On the other hand, the main body 21 accommodates a U-shaped heat transfer tube 26 supported by a tube plate 19 and support plates 25, 25a, 25b,... As a tube group.

The body 21 has a steam inlet 27 on one side for guiding turbine bleed air as a heating source, and surrounds the outside of the heat transfer tube 26 as a tube group at a distance from the steam inlet 27. Semicircular flow guide 2
8 is provided.

The main body 21 includes a drain cooling section 29, a dilution condensation chamber 30, and a non-condensable gas chamber 31 in this order from the tube sheet 19 side.
It has.

The drain cooling unit 29 includes the tube sheet 19, the ceiling plate 3
2. The partition plate 33 and the bottom plate 34 define a closed room, and the bottom plate 34
While having a drain inlet 35 and a drain outlet 36,
A baffle plate 37 that supports the heat transfer tube 26 therein and arranges the heat transfer tube 26 in a random manner to form a flow path is provided.

The dilution condensing chamber 30 extends vertically in the vapor inlet 27, at a lower side of a flow guide 28 which surrounds the outside of the heat transfer tube 26 as a tube group, and in the heat transfer tube 26.
Is formed in a box shape between the support plate 25a for supporting the air flow and the support plate 25b provided with the adjacent steam inlet 38, the flow velocity is relatively increased, and a relatively large amount of steam (turbine bleed air) is supplied to the flow guide 28. It is configured to flow from both ends.
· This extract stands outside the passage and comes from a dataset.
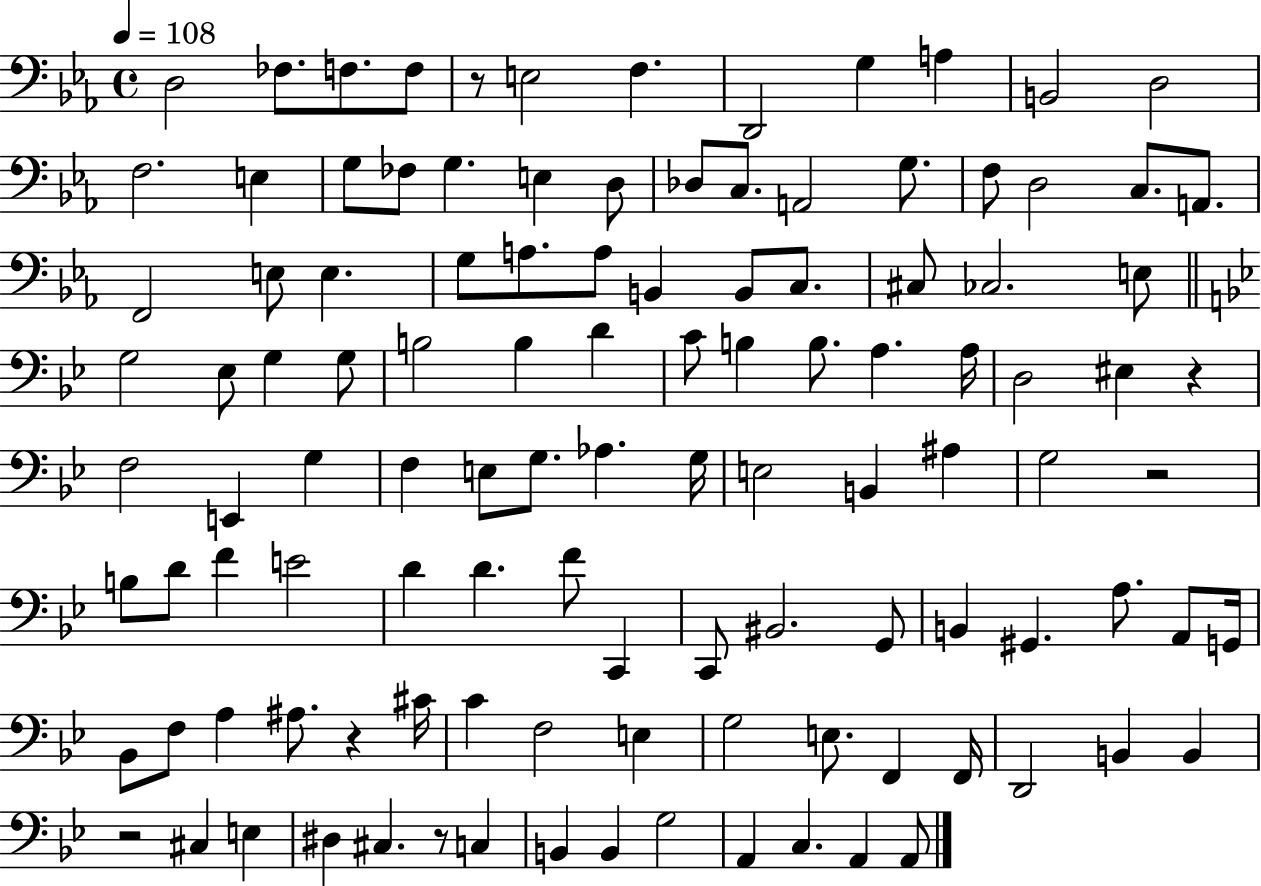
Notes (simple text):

D3/h FES3/e. F3/e. F3/e R/e E3/h F3/q. D2/h G3/q A3/q B2/h D3/h F3/h. E3/q G3/e FES3/e G3/q. E3/q D3/e Db3/e C3/e. A2/h G3/e. F3/e D3/h C3/e. A2/e. F2/h E3/e E3/q. G3/e A3/e. A3/e B2/q B2/e C3/e. C#3/e CES3/h. E3/e G3/h Eb3/e G3/q G3/e B3/h B3/q D4/q C4/e B3/q B3/e. A3/q. A3/s D3/h EIS3/q R/q F3/h E2/q G3/q F3/q E3/e G3/e. Ab3/q. G3/s E3/h B2/q A#3/q G3/h R/h B3/e D4/e F4/q E4/h D4/q D4/q. F4/e C2/q C2/e BIS2/h. G2/e B2/q G#2/q. A3/e. A2/e G2/s Bb2/e F3/e A3/q A#3/e. R/q C#4/s C4/q F3/h E3/q G3/h E3/e. F2/q F2/s D2/h B2/q B2/q R/h C#3/q E3/q D#3/q C#3/q. R/e C3/q B2/q B2/q G3/h A2/q C3/q. A2/q A2/e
The box-shaped dilution / condensation chamber 30 includes a drain chamber 40 formed by a partition plate 33 defining a drain cooling unit 29 and a partition plate 39 having an opening on the head side. As shown in FIG.
1, a closing plate 4 extending along the axial direction of the main body 21.
2 is provided. Furthermore, the box-shaped dilution / condensation chamber 30 includes a louver 43 facing the closing plate 42. As shown in FIG. 3, the louver portion 43 has a configuration in which flat plates 44a and 44b are arranged in an inclined shape toward the dilution condensation chamber 30.
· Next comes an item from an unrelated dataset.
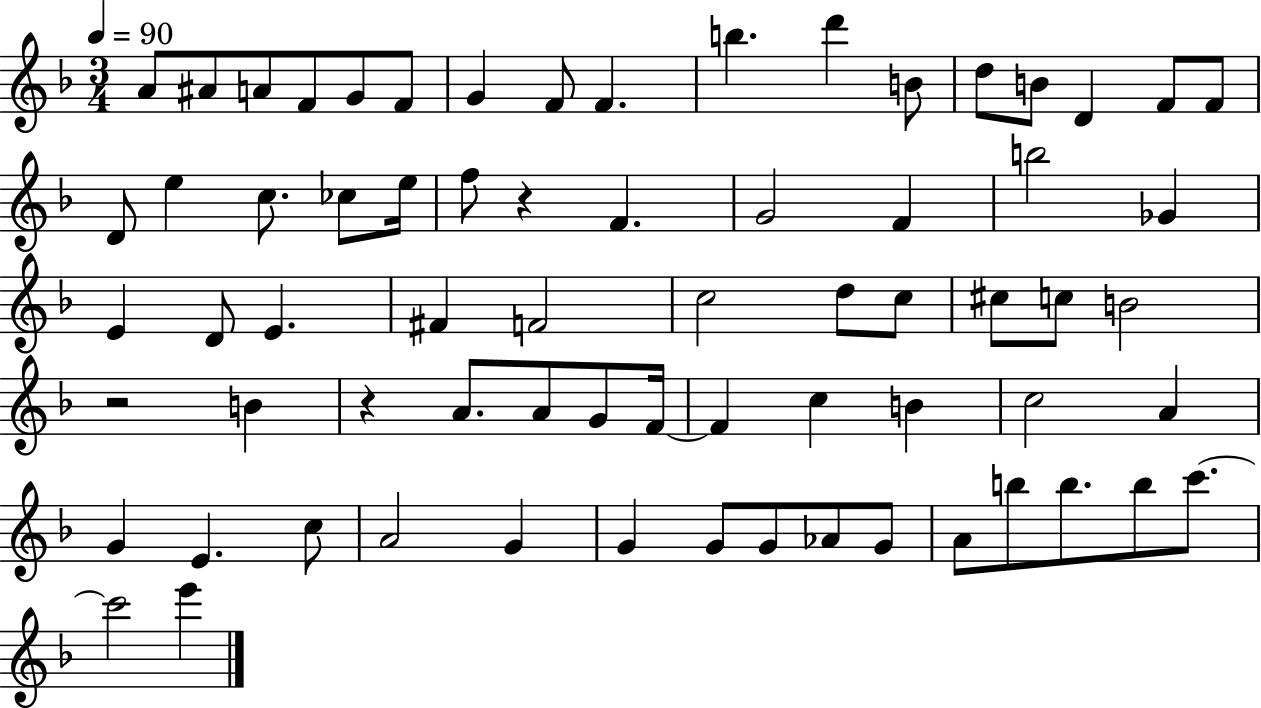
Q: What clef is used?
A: treble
On the other hand, as shown in FIG. 1, the non-condensing gas chamber 31 is connected to the dilution condensing chamber 30, and is formed by a support plate 25b of the dilution condensing chamber 30 and a supporting plate 25c provided with an adjacent steam inlet 45. The baffle plate 46a,
A configuration is provided with an uncondensable gas collection port 47 surrounded by 46b. Reference numeral 48 indicates that the steam distributed from the steam inlet 27 via the flow guide 28 is divided into both the heat transfer tube 26 on the head side and the heat transfer tube 26 on the bottom side, as indicated by the arrow in the drawing. This is the shunt plate.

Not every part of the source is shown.